International delivery company Singapore Post (Singpost) has celebrated the topping out ceremony for the new Singpost Regional eCommerce Logistics Hub in Singapore.
The 553,000 square foot, three storey integrated facility has two warehousing floors, 150 simultaneous loading bays and an office block. It will also have a fully automated parcel sorting facility with end to end sorting picking, packing that also handles shipping and returns management, that will occupy the entire ground floor to enable faster order fulfilments.
Lee Eng Keat, Director (Logistics), Singapore Economic Development Board, said: “When completed, SingPost’s eCommerce Logistics hub will harness state-of-the-art automation systems to ensure high accuracy, high throughput and low per transaction cost.
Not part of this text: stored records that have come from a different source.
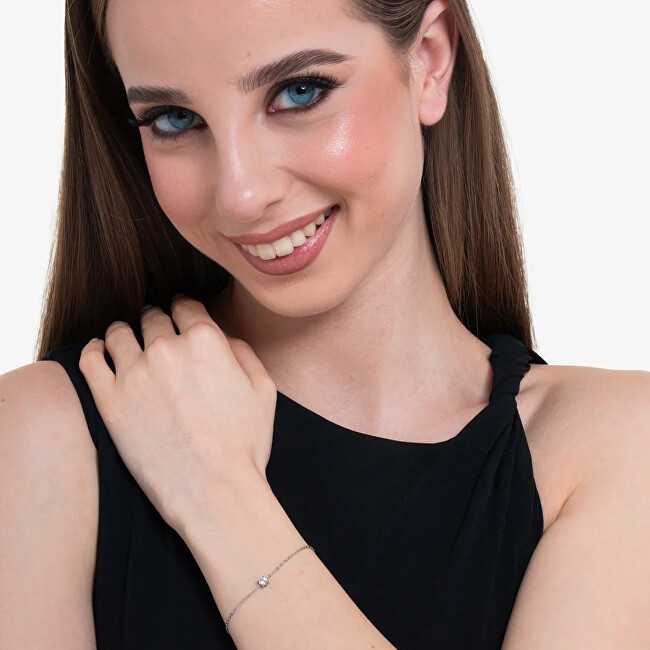 Luca Barra Minimalistinė plieninė apyrankė su skaidriu kristalu BK2805
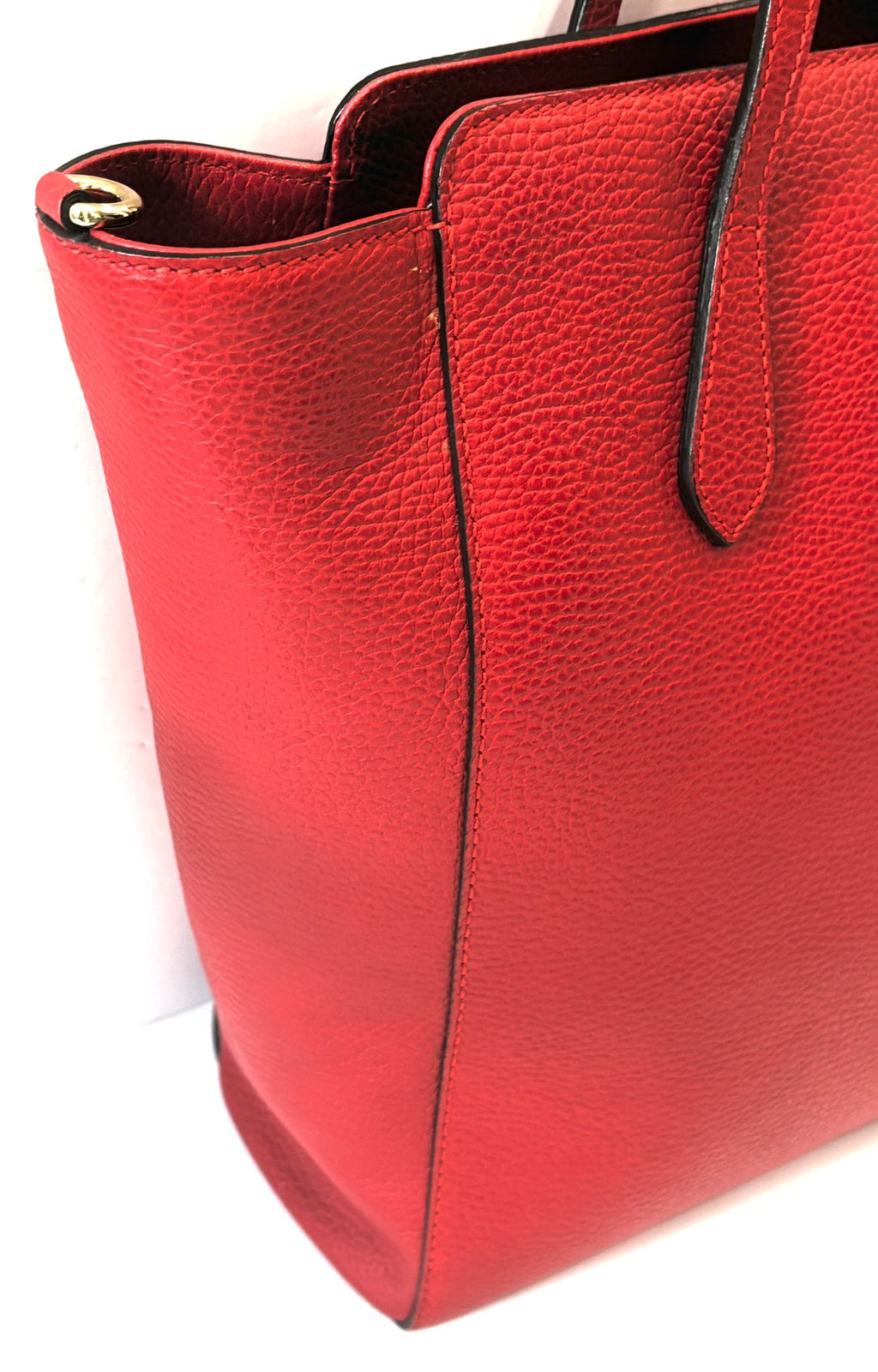 GUCCI PEBBLED CALFSKIN LEATHER MEDIUM TOP HANDLE TOTE BAG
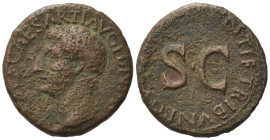 Drusus (died AD 23). Æ As (26,02 mm, 10,08 g). Rome AD 22-23. Bare head l. R/ PONTIF TRIBVN POTEST ITER around large S C. RIC 45 (Tiberius); BMC 99. V...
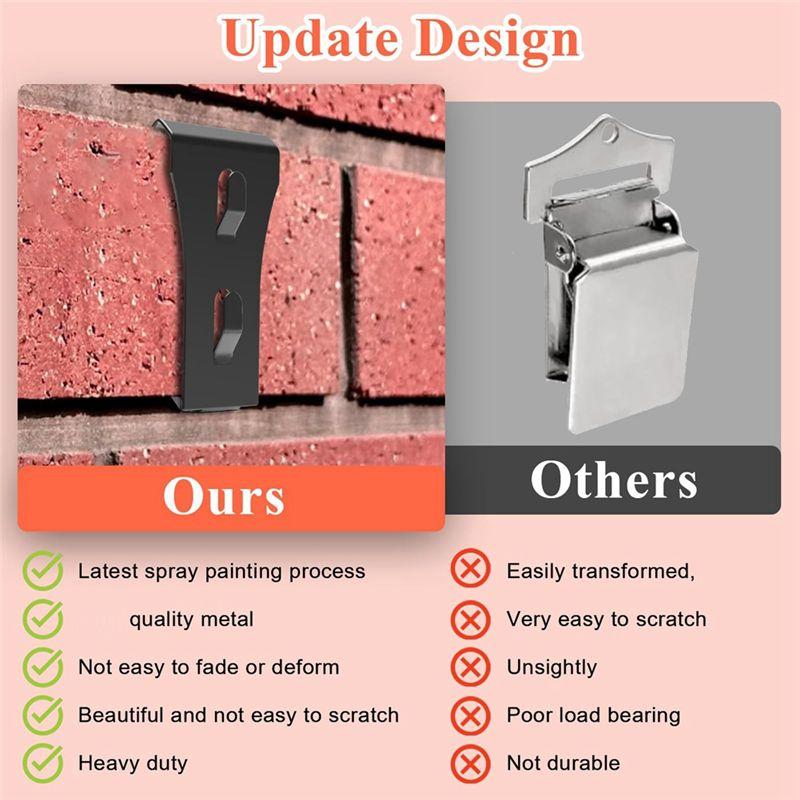 M-Modern-Metal Brick Clip Hooks No Drill Wall Brick Coat Hanger, Outdoor Brick Hanging Clip Hook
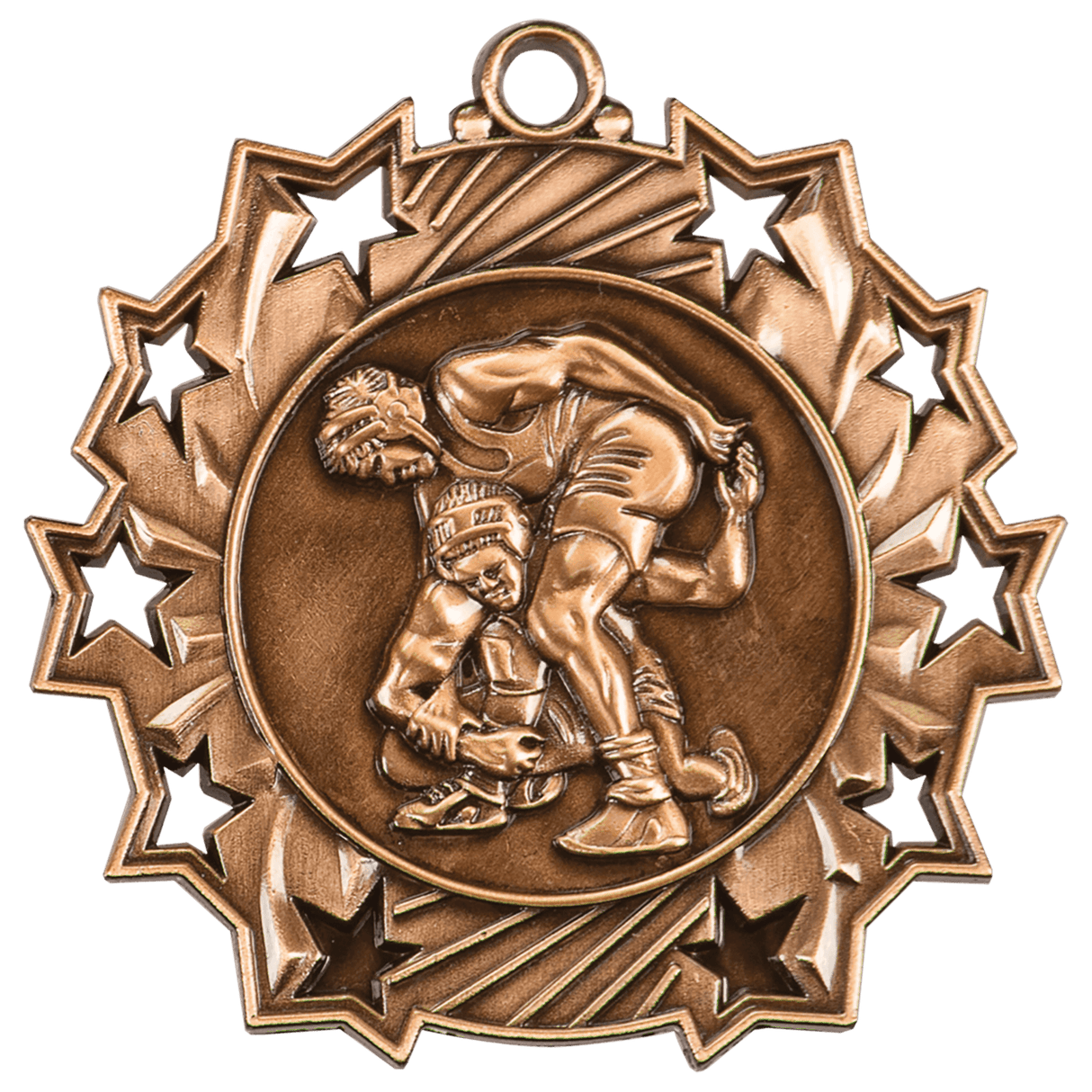 Antique Bronze 2 1/4" Wrestling Ten Star Medal
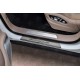 Накладки на пороги РусСталь шлифованный лист с надписью для Porsche Cayenne 2017-2023 артикул PCAYEN17-03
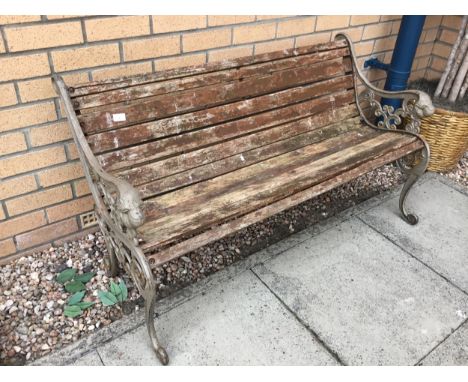 CAST IRON ENDED GARDEN BENCH, 125cm wide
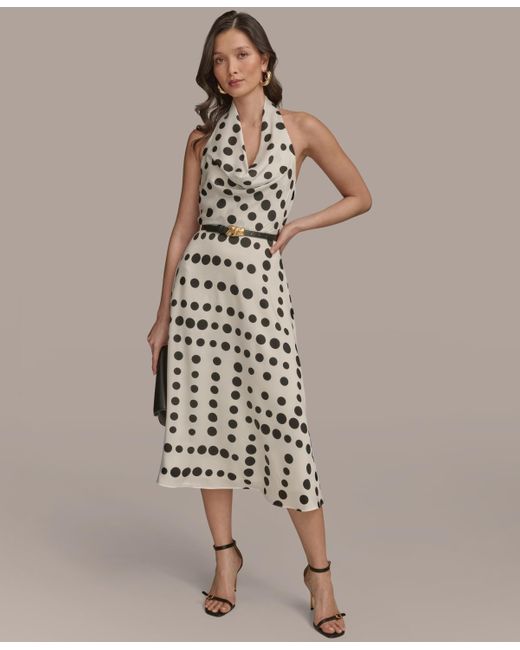 Donna Karan Natural Polka-dot Belted A-line Dress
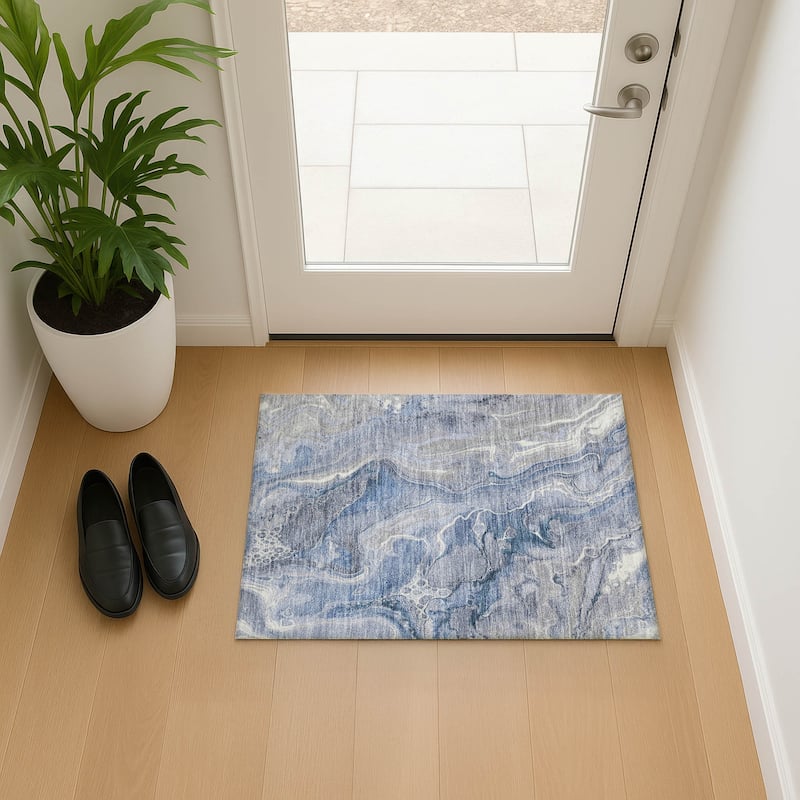 Premium Washable Super Soft Modern Glam Mayfield Rug - Denim - 1'8" x 2'6"
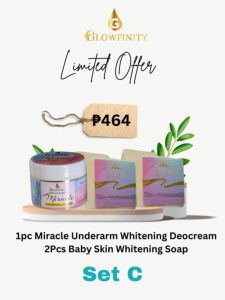 Glowfinity Cosmetics Set C (Miracle Underarm Whitening Deocream & Baby Skin Soap)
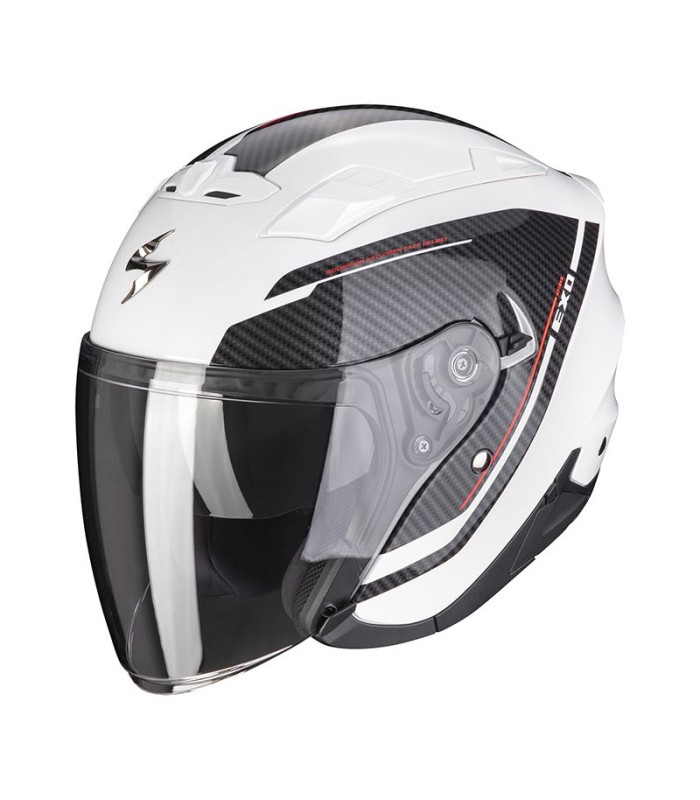 casque moto jet scorpion exo-230 fenix blan nacré noir - degriffbike.ch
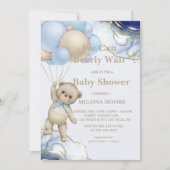 We kunnen bijna wachten op abstract blauw goud kaart (Voorkant)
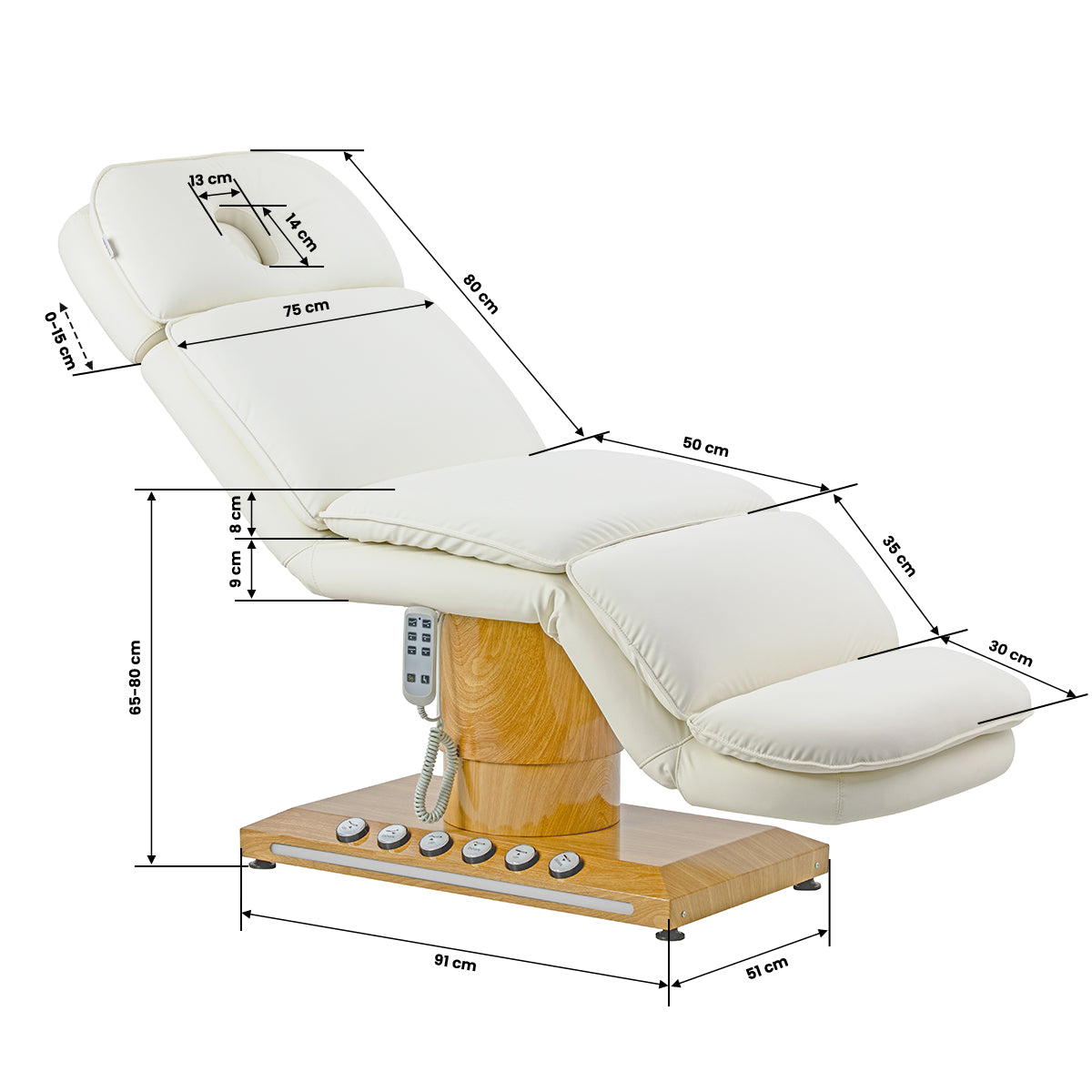 Sillon Cloud cream electric beauty chair with remote and power supply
In addition, the facility will serve as a living laboratory where newer technologies can be tested jointly with technology providers and SingPost’s clients.”
The company estimates that the Regional eCommerce Logistics Hub will see a 30% to 40% improvement in cost efficiency over the next 10 to 15 years compared to current operations, with the installation of innovative automation systems.
The company said in a statement, “The topping out ceremony marks a key milestone for SingPost Regional eCommerce Logistics Hub. It brings us another step closer to fulfilling SingPost’s vision to be the regional leader in eCommerce logistics,” added Dr Sascha Hower, Group Chief Operating Officer of SingPost & CEO of Quantium Solutions. “At S$182m, the Regional eCommerce Logistics Hub is our largest investment in Singapore to date. It is the first of its kind in Southeast Asia for eCommerce logistics, equipped with cutting-edge technology such as integrated, automated warehousing equipment linked to fully automated parcel sorting systems. SingPost Regional eCommerce Logistics Hub will enable us to further connect the dots in building a regional eCommerce solution in this fast-growing eCommerce market.”
Now the building has been finished, the fitting out begins with an estimated S$30 million of equipment. It is set to be fully operational by the second half of this year.